I made this recipe and WOW!!! Soooo good! It’s perfect. Thank you so much for sharing this recipe. I will be using it for years to come. ~ DPH
He also couldn’t stop raving about this rice. And everyone else in the family loved it too. It’s pretty much the perfect side for any Mexican fare you serve.
And this rice is honestly so easy to make. There are just a few extra (but important) steps beyond making plain white rice, and you’ll have a delicious side dish on the table in about 30 minutes.
The key is to toast your rice in the pan before adding your spices and cooking liquid. It give the dish such a wonderful, nutty flavor.
I did quite a lot of experimenting to get the blend of seasonings and tomato sauce just right in this recipe.
And while I’m sure there are many variations of Mexican rice out there, this is the version we think is closest to our local Mexican restaurant.
This is so delicious that I’m planning dinners based on what goes well with this rice!!! ~Ashley
I really can’t tell you how excited I am about this recipe. If you’ve been looking for a great Mexican rice recipe, you must give this one a try.
I hope you love it as much as my family does. It’s now a “must make” every time we have Mexican food for dinner.
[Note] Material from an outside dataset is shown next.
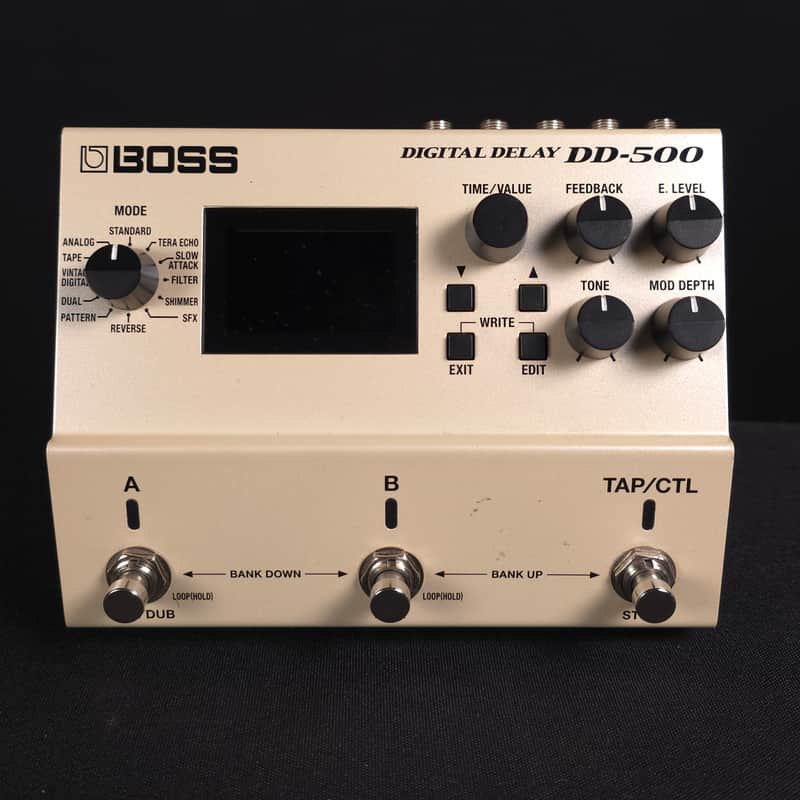 Boss DD-500 Delay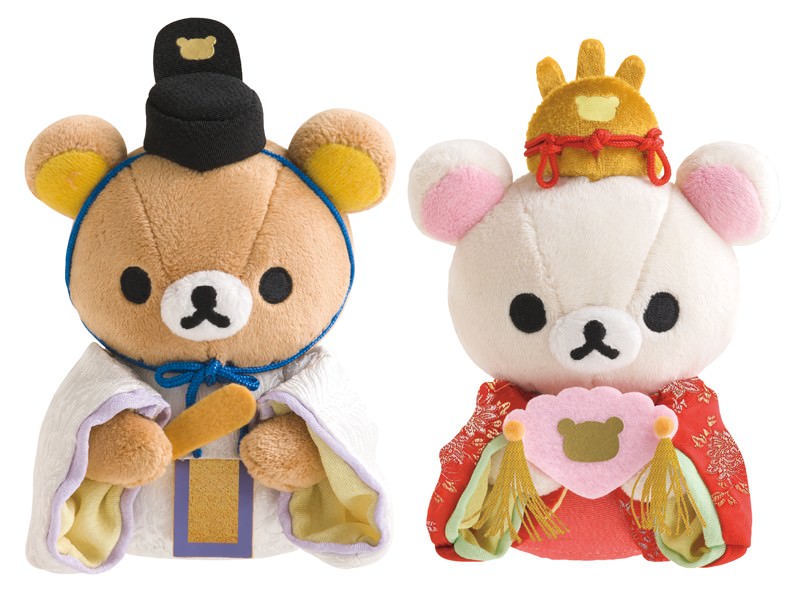 豪華3段飾りも！リラックマストア・サンエックスネットショップ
WHAT PEOPLE ARE SAYING ABOUT COPYCAT RESTAURANT STYLE MEXICAN RICE
Wow! This Mexican Rice recipe is exactly what I have been looking for. It was just perfect in every way! I have pinned it and will return again and again to it. Thank you so much! ~ Donna
I had planned on buying an easy prep package of mexican-style rice to have as a side this evening but I forgot. I went online to see if I had enough to toss a rice dish together with what I have on hand. Alas, no tomato sauce but I did have tomato juice…..This dish was delicious. As I generally have tomato sauce on hand and not tomato juice, I will make it again as directed. But, it was great even with my needed substitutions. ~ Dianne
Be sure to save this Copycat Restaurant Style Mexican Rice recipe to your favorite Pinterest board for later.
Here’s what you’ll need to make Copycat Restaurant Style Mexican Rice
- Produce: garlic, onion, fresh cilantro
- Spices: cumin, chili powder, cayenne pepper
- Tomato sauce
- Chicken broth
Copycat Restaurant Style Mexican Rice
This easy to make side dish tastes just like the rice from your favorite Mexican restaurant.
- 2 tablespoons butter
- 1 cup uncooked white rice
- 3 cloves garlic minced
- 1/2 teaspoon ground cumin
- 1/4 teaspoon chili powder
- 1/4 teaspoon pepper
- Pinch of cayenne pepper
- 1/4 cup finely diced onion
- 1/4 cup tomato sauce
- 1 3/4 cups chicken broth
- 1-2 tablespoons fresh chopped cilantro
- Melt butter in a large saucepan over medium heat. Add rice and cook, stirring constantly, until just golden. Add garlic, cumin, chili powder, pepper and cayenne and cook a few minutes more.
- Stir in onions and cook until onions are tender. Stir in tomato sauce and chicken broth and bring to a boil.
- Reduce heat to low. Cover and simmer for 20-25 minutes, or until rice is tender. Fluff with a fork. Stir in cilantro.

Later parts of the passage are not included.